§ Your assignment
With pictures excluded, repeat exactly the lines from the one containing "In this video, I'll" through the last line of the material below.

§ Source data
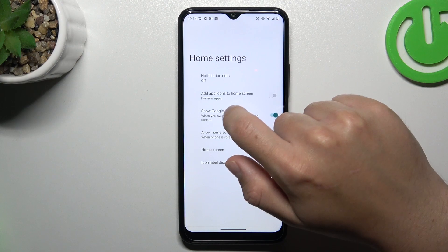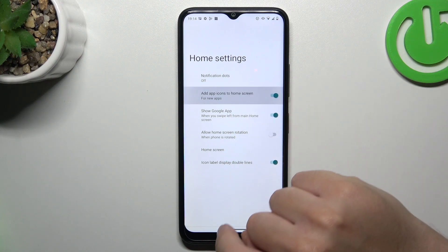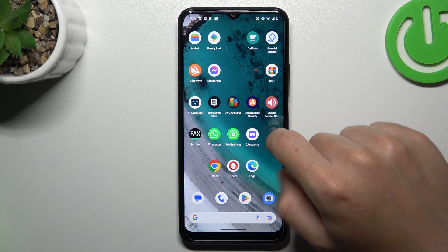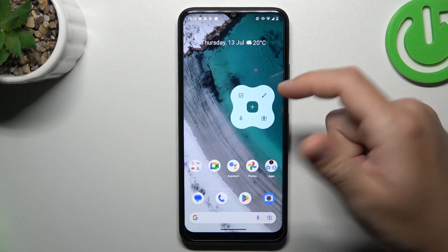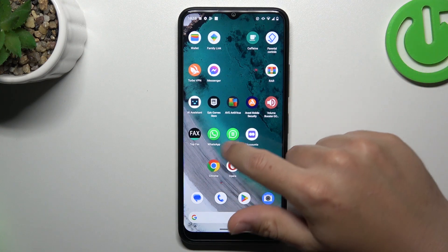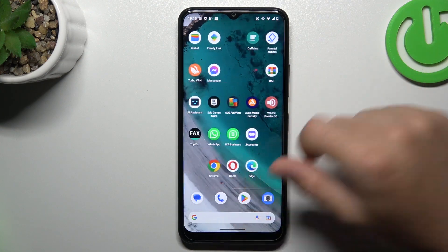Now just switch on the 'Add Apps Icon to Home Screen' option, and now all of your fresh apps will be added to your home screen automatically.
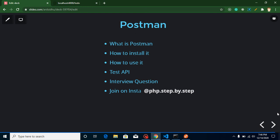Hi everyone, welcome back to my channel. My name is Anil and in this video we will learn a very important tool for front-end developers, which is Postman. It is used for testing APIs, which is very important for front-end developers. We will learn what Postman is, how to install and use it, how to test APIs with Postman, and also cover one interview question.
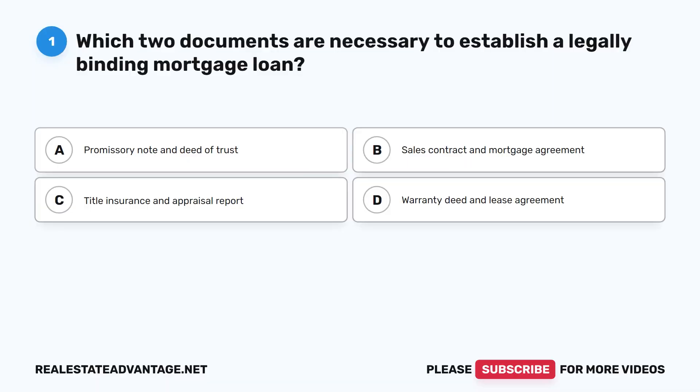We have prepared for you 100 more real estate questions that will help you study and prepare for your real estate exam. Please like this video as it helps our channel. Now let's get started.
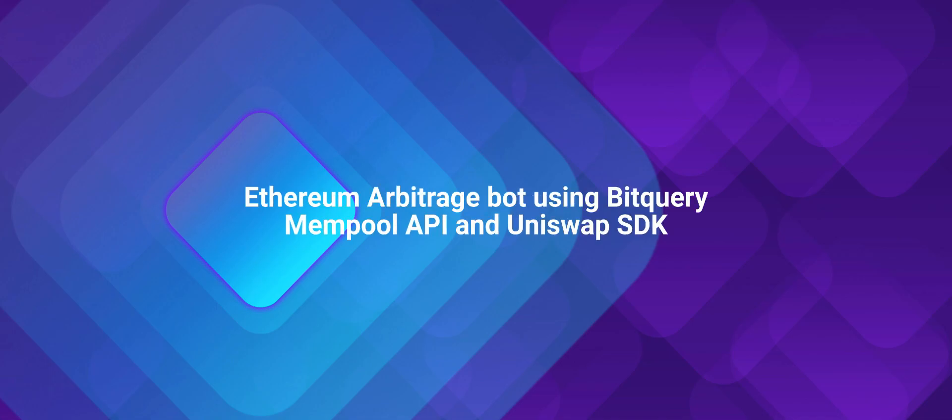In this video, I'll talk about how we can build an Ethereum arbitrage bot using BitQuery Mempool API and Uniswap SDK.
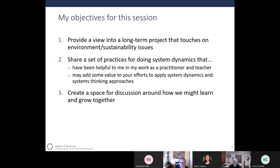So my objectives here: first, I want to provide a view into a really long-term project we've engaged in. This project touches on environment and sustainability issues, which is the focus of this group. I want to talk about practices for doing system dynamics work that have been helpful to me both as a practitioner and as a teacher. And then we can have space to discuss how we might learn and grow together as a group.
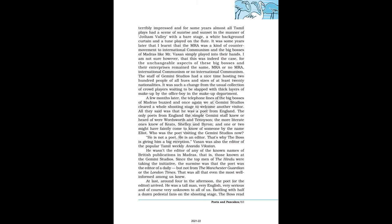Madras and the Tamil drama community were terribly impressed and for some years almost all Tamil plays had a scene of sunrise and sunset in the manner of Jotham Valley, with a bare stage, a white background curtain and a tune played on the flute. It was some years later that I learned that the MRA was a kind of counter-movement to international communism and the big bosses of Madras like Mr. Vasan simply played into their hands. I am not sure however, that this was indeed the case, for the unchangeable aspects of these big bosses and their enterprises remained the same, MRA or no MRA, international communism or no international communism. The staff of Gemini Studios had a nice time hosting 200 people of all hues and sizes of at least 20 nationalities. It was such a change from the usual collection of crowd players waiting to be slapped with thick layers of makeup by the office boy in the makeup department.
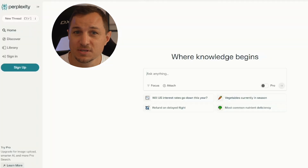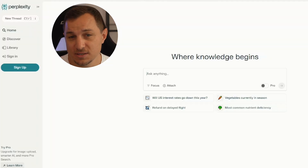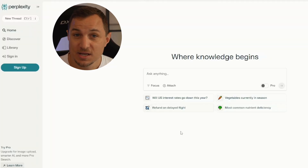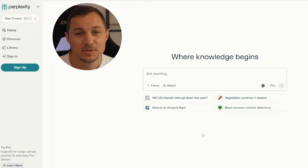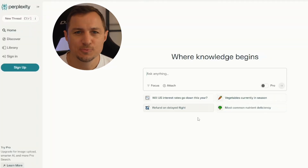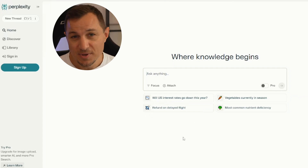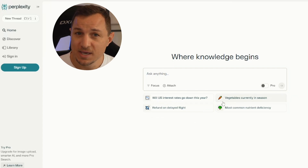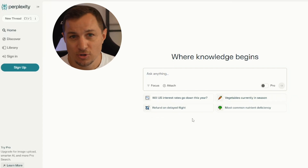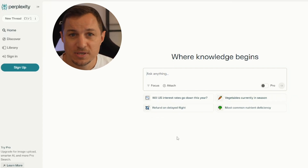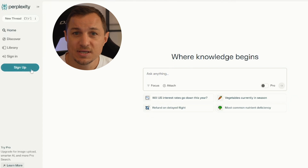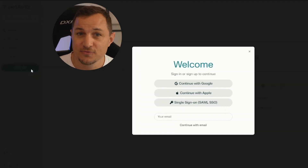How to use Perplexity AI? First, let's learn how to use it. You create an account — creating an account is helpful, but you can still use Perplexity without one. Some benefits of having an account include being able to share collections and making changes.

§ Expected output
In this video, I'll talk about how we can build an Ethereum arbitrage bot using BitQuery Mempool API and Uniswap SDK.
So my objectives here: first, I want to provide a view into a really long-term project we've engaged in. This project touches on environment and sustainability issues, which is the focus of this group. I want to talk about practices for doing system dynamics work that have been helpful to me both as a practitioner and as a teacher. And then we can have space to discuss how we might learn and grow together as a group.
Madras and the Tamil drama community were terribly impressed and for some years almost all Tamil plays had a scene of sunrise and sunset in the manner of Jotham Valley, with a bare stage, a white background curtain and a tune played on the flute. It was some years later that I learned that the MRA was a kind of counter-movement to international communism and the big bosses of Madras like Mr. Vasan simply played into their hands. I am not sure however, that this was indeed the case, for the unchangeable aspects of these big bosses and their enterprises remained the same, MRA or no MRA, international communism or no international communism. The staff of Gemini Studios had a nice time hosting 200 people of all hues and sizes of at least 20 nationalities. It was such a change from the usual collection of crowd players waiting to be slapped with thick layers of makeup by the office boy in the makeup department.
How to use Perplexity AI? First, let's learn how to use it. You create an account — creating an account is helpful, but you can still use Perplexity without one. Some benefits of having an account include being able to share collections and making changes.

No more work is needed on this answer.